He had seen the wilderness become a settled countryside, brisk cities spring out of swamps and the forest and his town beside the thunder water give promise of future greatness.


Chapter 14

Very Important Politicos

In that faraway time when Canandaigua was the capital of the frontier, a remarkable array of able politicians gravitated to the shire town of a vast new county. Generally they were young, ambitious, college-bred lawyers of the New England stock.

Some of them made their dent on the national scene. Four men who at various times lived in Canandaigua served in the cabinets of five Presidents, something of a record for a community of the size of "the Chosen Spot."

One of the four did not fit the pattern in all respects. Gideon Granger was a Yale graduate, a lawyer, and he came from Connecticut. But when he settled in Canandaigua in 1814, he was no longer young nor politically ambitious. For 13 years he had served as postmaster general under Jefferson and Madison.

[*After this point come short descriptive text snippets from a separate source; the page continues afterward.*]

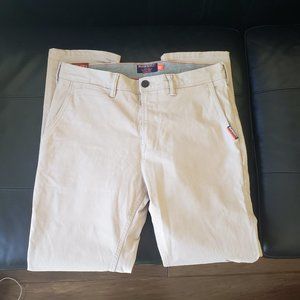 Mens Superdry International Straight Chino Pants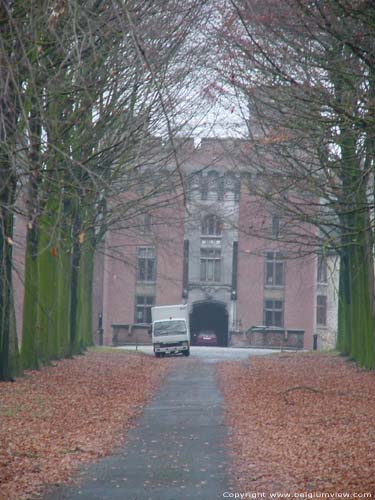 Kasteel van Wijnendale TORHOUT / BELGI Inkom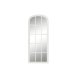 Vggspegel Home ESPRIT Vit Fnster 70,5 x 4 x 170,5 cm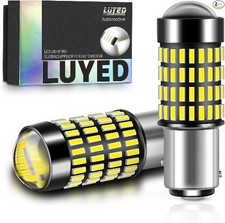1157 LED Bulb 3400 Lumens 1157 2057 2357 752 Size: 1157/2057Color: Xenon White
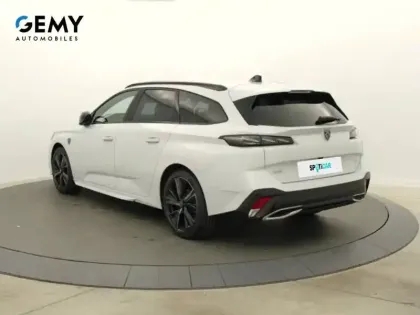 Photo 6 Peugeot 308  SW PureTech 130ch S&S EAT8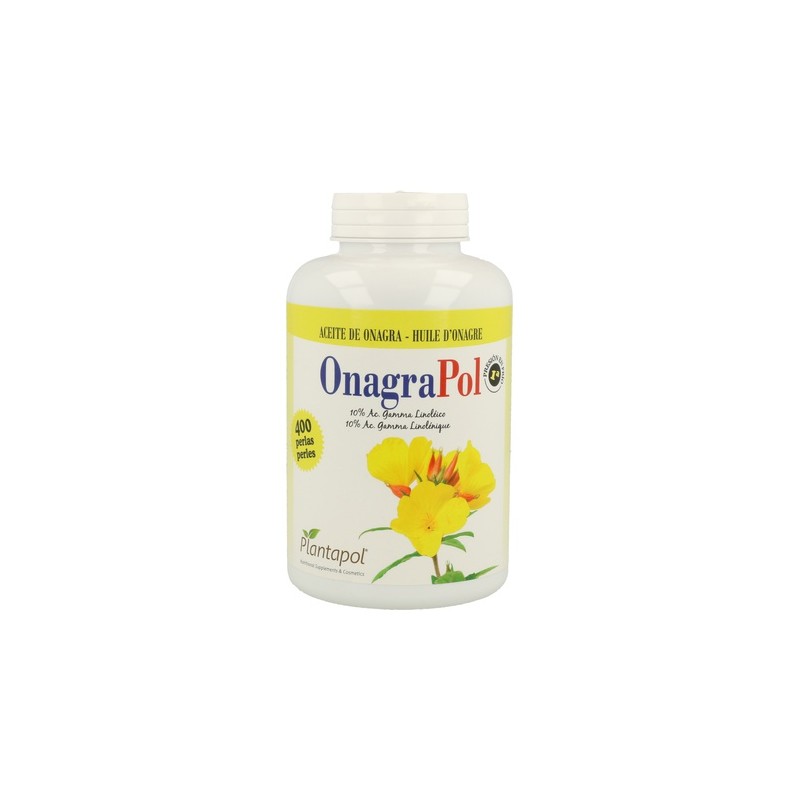 ONAGRAPOL 400 PERLAS PLANTAPOL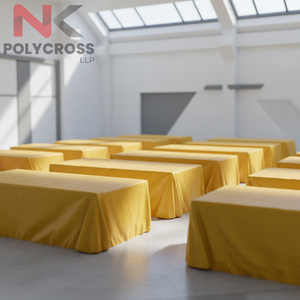 Plaque d'ingénierie polymère avancée haute résistance, résistante aux produits chimiques, pour les applications de construction, maritimes et d'infrastructure - Product Image 2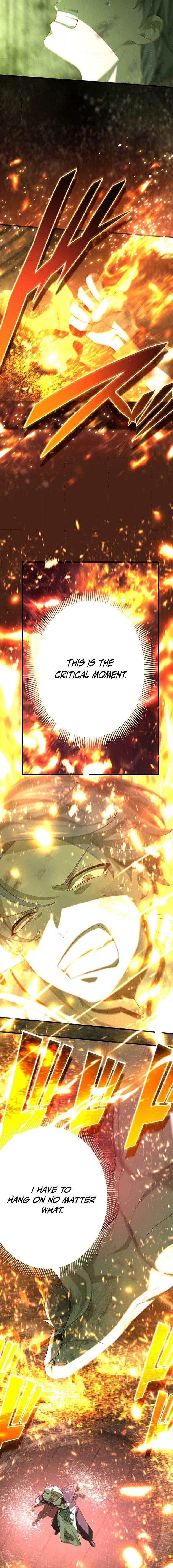 The Reincarnation of the Forbidden Archmage Chapter 115 - Page 10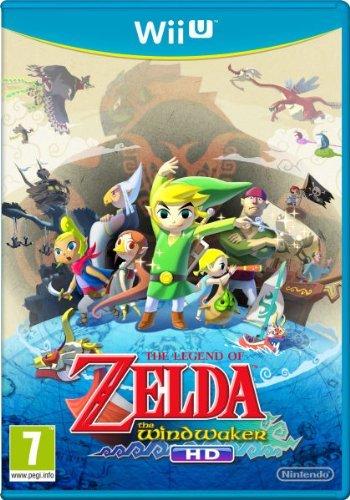 The Legend of Zelda: The Wind Waker HD Nintendo Wii U - Game Code (EU & UK)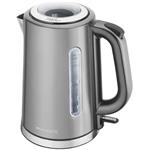 Philco PHWK 1730, rýchlovarná kanvica, 1,7 l, strieborná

His son, Francis, inherited the crafty old Jeffersonian's flair for politics. The second Granger rose to power in the Whig Party and was postmaster general during the short reign of William Henry Harrison. Previously he had been an unsuccessful candidate for the Vice Presidency.

Another Very Important Politico, the brilliant John Canfield Spencer, lived in the shire town during nearly all of his long public career, which was climaxed by service as secretary of war and of the treasury under John Tyler.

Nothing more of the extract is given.